I have a number of grammatical pet peeves when it comes to the way the media report the news . . .
Pet Peeve No. 1: the phrase “a number of.” It says absolutely nothing, of course. The number could be two, or it could be 1,000. How is a reader to know?
Experience has taught me that when journalists use the phrase “a number of,” it’s because they don’t know how many and probably didn’t take the time to research the actual number. They only know that there have been some . . . Or, there weren’t many, but they want to make it seem like there were more, as when a critic writes a column after receiving two or three emails from readers and says something like, “In response to a number of reader emails, yadda yadda yadda.”
As an editor, I always change the term when I come across it in copy. I try to get the writer to be more specific. Failing that, I change the term to “some” unless I am positive there have been “several.” Neither, of course, is perfectly satisfactory, but the phrase “a number of” is a clear indication to me — both as an editor and a reader — that the writer doesn’t have any idea of the actual number or is trying to inflate a small number.
Pet Peeve No. 2: So-and-so set “a new record.” Well, a record is by nature new, so the word “new” is redundant. But we hear the phrase a lot in sports reporting. It’s wrong. It should be: So-and-so set a record.
Pet Peeve No. 3: An autopsy will be performed “to determine the cause of death.” The phrase is redundant, but it is often used erroneously. In fact, an autopsy is performed for that very reason.

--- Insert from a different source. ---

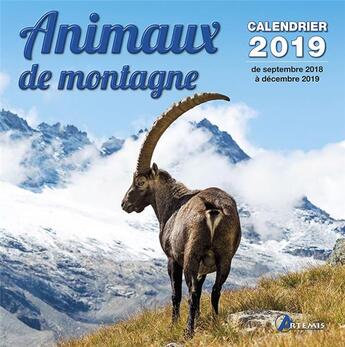 Couverture du livre « Animaux de montagne (2019) » de  aux éditions Artemis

The word “autopsy” says it all; one does not need the additional explanatory phrase. The sentence is complete after the word “performed.”
Pet Peeve No. 4: She gave birth to “a baby boy.” Thank God it wasn’t a teenage boy, eh? The word baby is redundant — for obvious reasons. She gave birth to a boy.
There: I just gave you
a number of four pet peeves.
How about you? What grammatical errors in media reporting bug you?
One just popped into mind: “eye-witness”. What other kind of witness is there?
Have you ever read Strunk & White’s “Elements of Style?” They give a number (and no, I don’t recall how many) examples of such redundancies, like the phrase “at this point in time.” Miss Manners also has some.
A pet peeve non-answer is when I ask people how long something has been happening, and they say “quite a while.” It is completely useless as a phrase, since that could mean minutes, hours, days, weeks, months, or years.